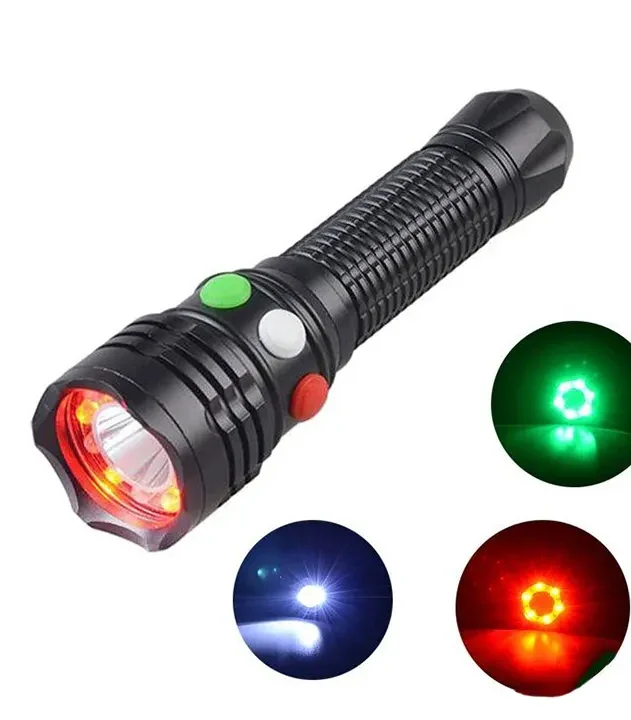 Prenosiva kamp led lampa sa širokim snopom za šator i stazu; ručna kamperska led lampa udobna za dug rad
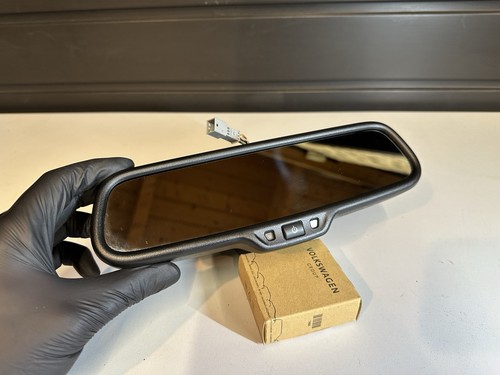 Audi A6 4F Innenspiegel Automatisch Abblendbar Kompass 8R0857511A Schwarz - Bild 1 von 4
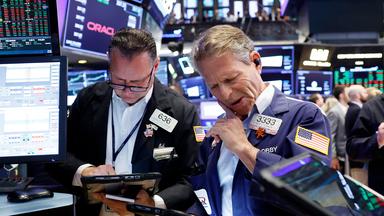 Trump beendet Rekordjagd an der Wall Street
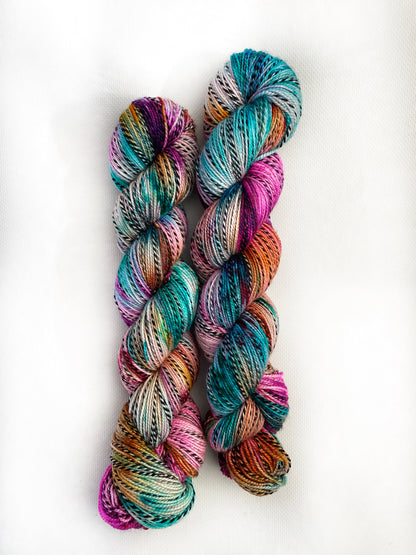 Unconditional Love - Fingering Zebra 2 Ply - Okanagan Dye Works
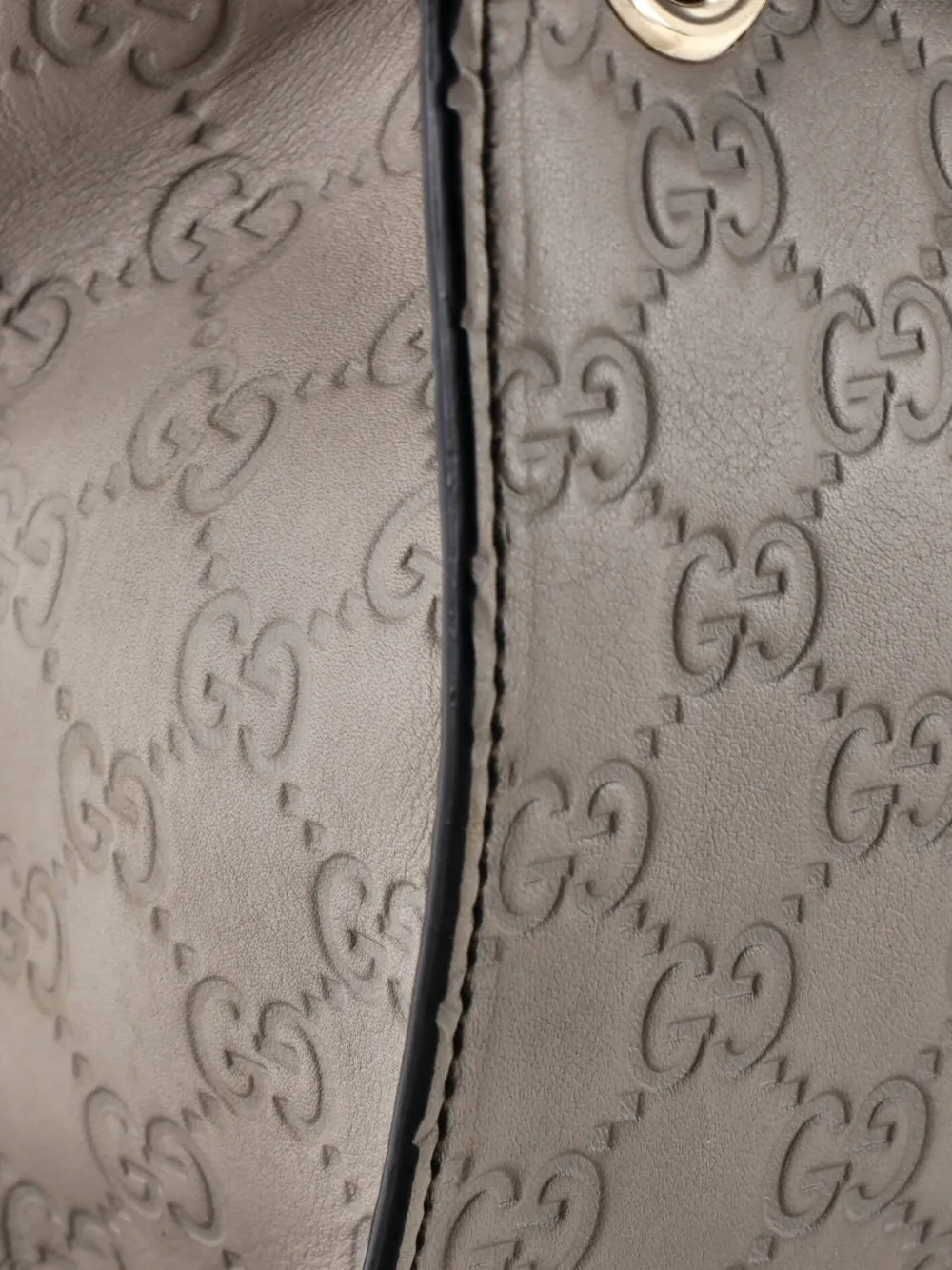 Emily Chain Flap Guccissima Leather Small Shoulder Bag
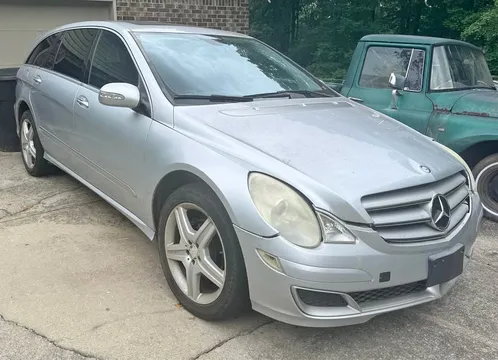 2010 Mercedes-Benz R-Class R 350 BlueTEC 4MATIC Sport Wagon 4D
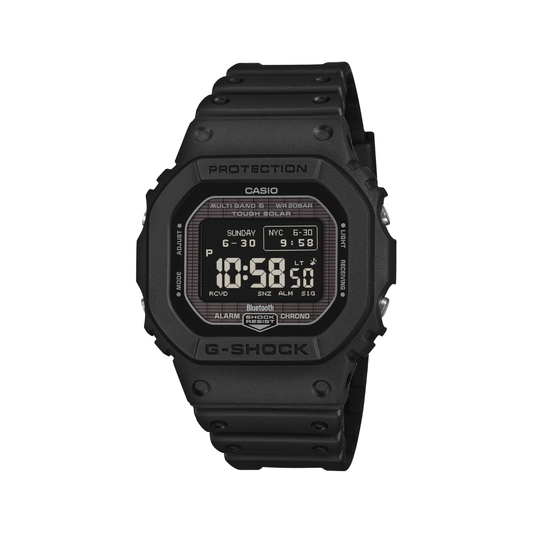 Reloj Digital Clásico Negro de Hombre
——
TASK → Give back exactly the lines running from the one that contains "Emily Chain Flap" to the end of the records, including both of those lines and excluding every picture.

ANSWER SPACE →
 Emily Chain Flap Guccissima Leather Small Shoulder Bag
 2010 Mercedes-Benz R-Class R 350 BlueTEC 4MATIC Sport Wagon 4D
 Reloj Digital Clásico Negro de Hombre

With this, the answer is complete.